One of the forthcoming books that was getting some pretty significant buzz at the ALA Midwinter meeting among the publishers was Gayle Brandeis' My Life with the Lincolns (Henry Holt, coming out in mid-March). Being a sucker for a good YA story now and then, I was happy to receive an ARC, which I spent the last two evenings (and as much of the intervening day as my spare moments allowed) devouring.
It's 1966, and Mina Edelman (12) believes her family are the Lincolns reincarnated. Their names and ages match nicely (Mina's short for Wilhelmina, and her sisters are Roberta and Tabitha, called Tabby - just about as close as you can get to Robert, Willie, and Tad; her parents are Abraham and Margaret). Mina takes it as her goal to make sure her dad doesn't get murdered like his prior iteration, and is convinced she's going to die a horrible death just like young Willie did (this preoccupation brings about some of the funnier and more disturbing elements of the plot).

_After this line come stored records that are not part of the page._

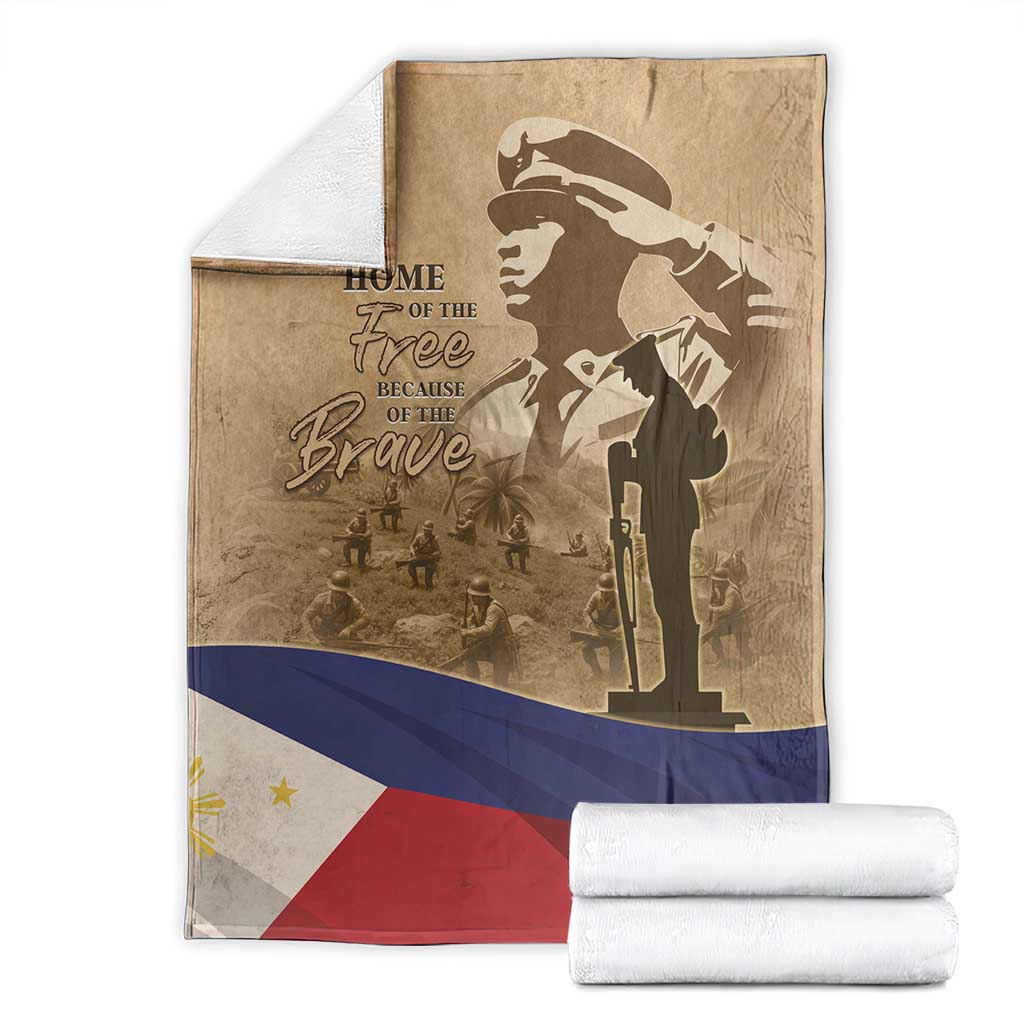 Memorial Day blanket in tan with soldier silhouette and “Home of the Free” text, Philippines flag blue band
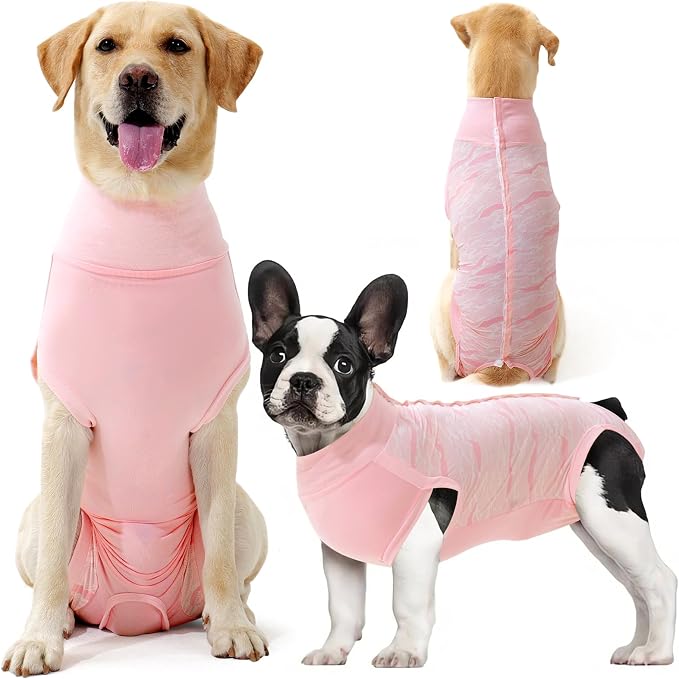 Dotoner Dog Surgery Recovery Suit Dog Suit for Male Female Neuter Anti-Lick Abdominal Wounds Bite Protective Outfit Alternative E-Collar & Cone Breathable Spay Suit for Medium Large Dogs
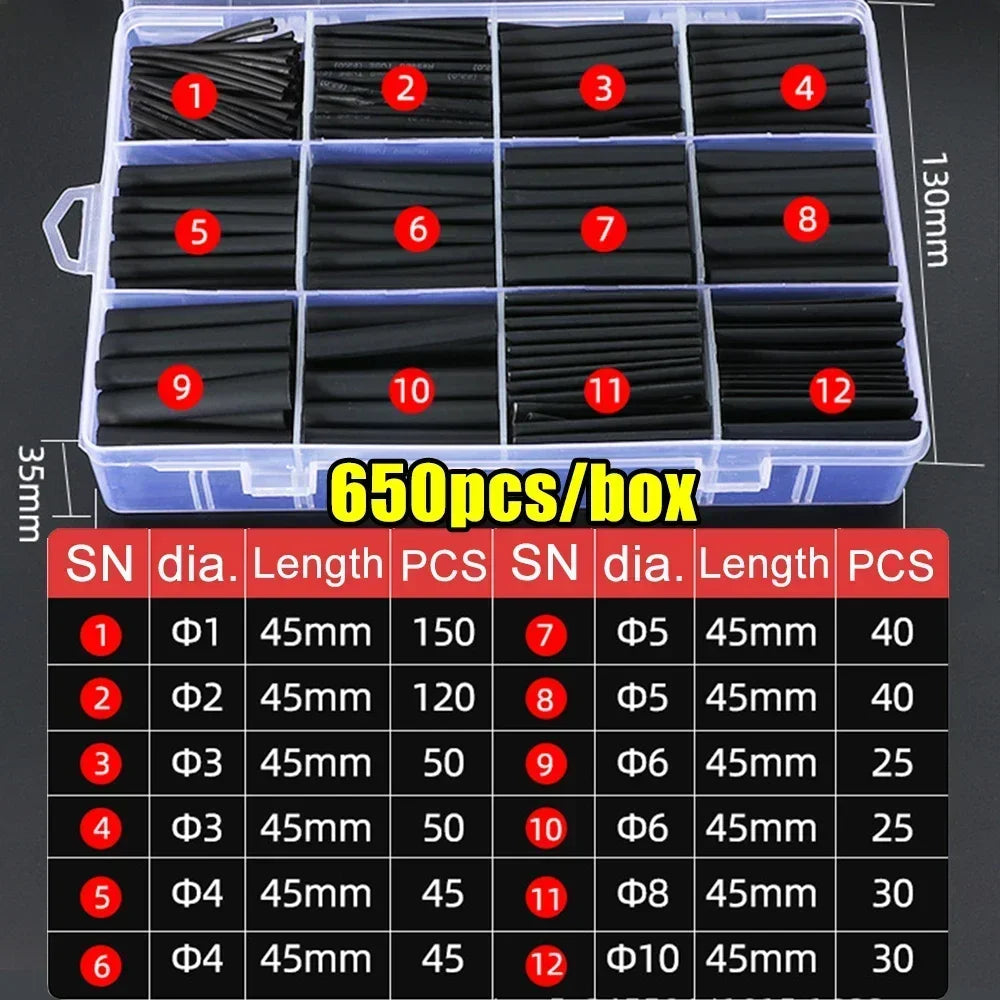Thermal-Activated Cable Sleeve Shrinkable Wire Protector Kit Insulation Tubes for DlY Proiects Automotive Electronics Repair Oasis Select Black- 650pcs(box) Mixed-size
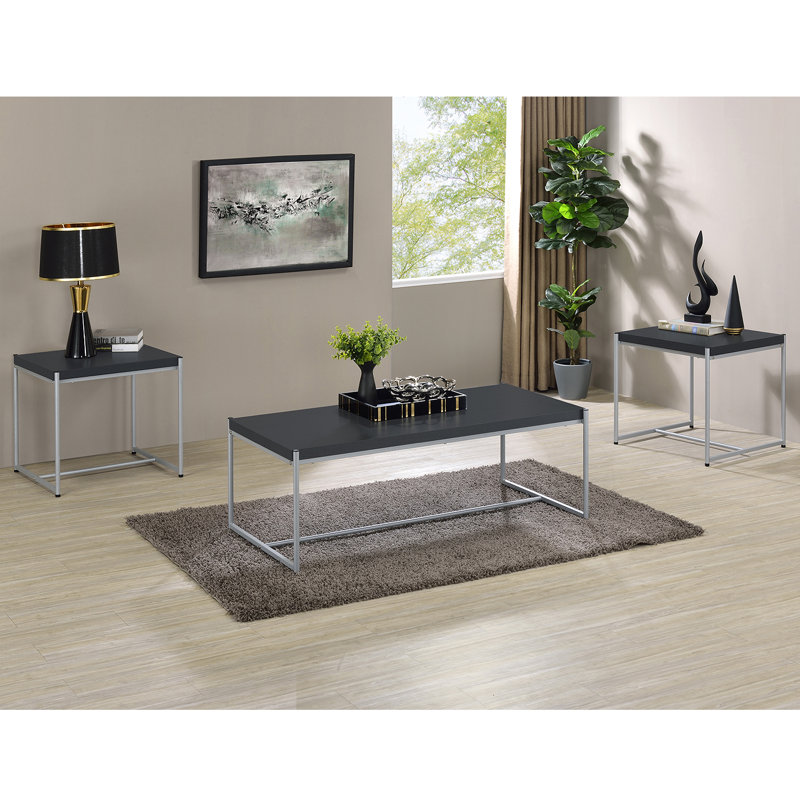 Ensemble de tables basses 3 pièces Aesara, gris, Noir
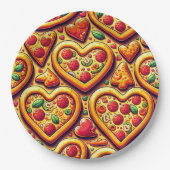 Herzförmige Pizza Lovers Plate Pappteller (Vorderseite)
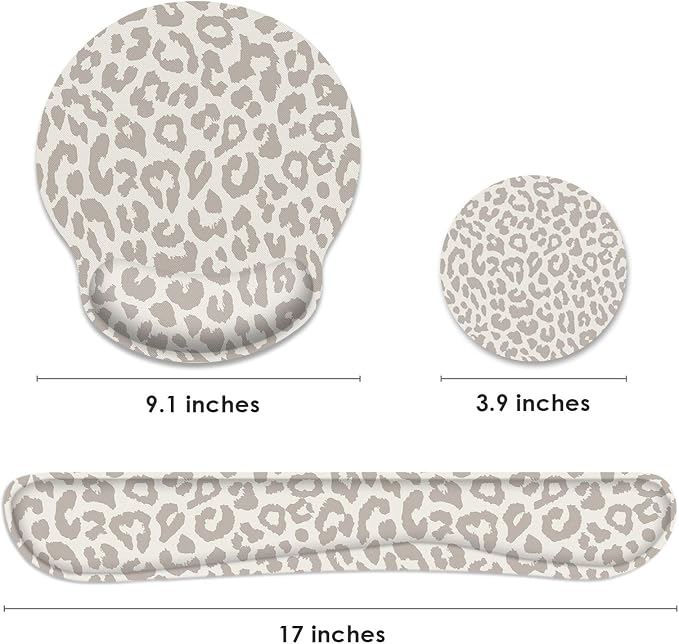 Britimes Leopard Light Khaki Animal Skin Ergonomic Mouse Pad Set with Wrist Rest Non-Slip Rubber Base Wrist Cushion Support and Coasters Mousepad with Wrist Support for Computer Keyboard and Desk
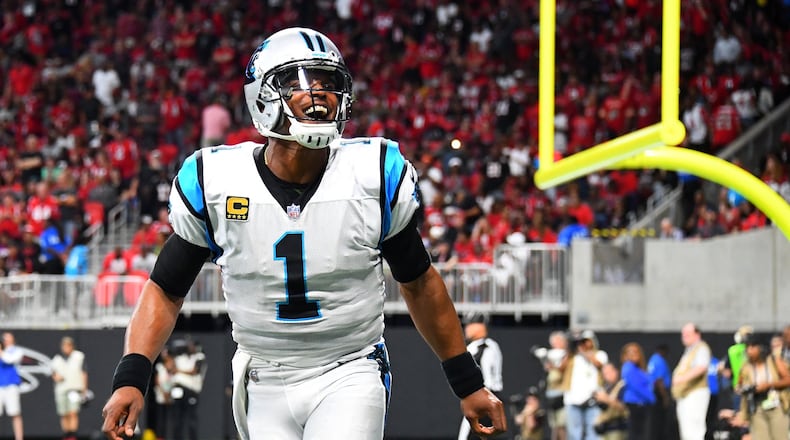 ATLANTA, GA - SEPTEMBER 16: Cam Newton #1 of the Carolina Panthers reacts to a touchdown during the second half against the Atlanta Falcons at Mercedes-Benz Stadium on September 16, 2018 in Atlanta, Georgia. (Photo by Scott Cunningham/Getty Images)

When Mina's dad gets involved with the Chicago Freedom Movement, and begins taking her to Martin Luther King, Jr. rallies, protest marches, and organizational meetings, her world - and that of her entire family - expands in some new and unexpected ways. Like Gary Schmidt's The Wednesday Wars, this book tackles some serious issues - Vietnam, racism, family tensions - but does so while capturing in a truly special way the mindset of a young person caught up in events larger than herself.
At once funny, sad, and inspiring, this is a book that's going places.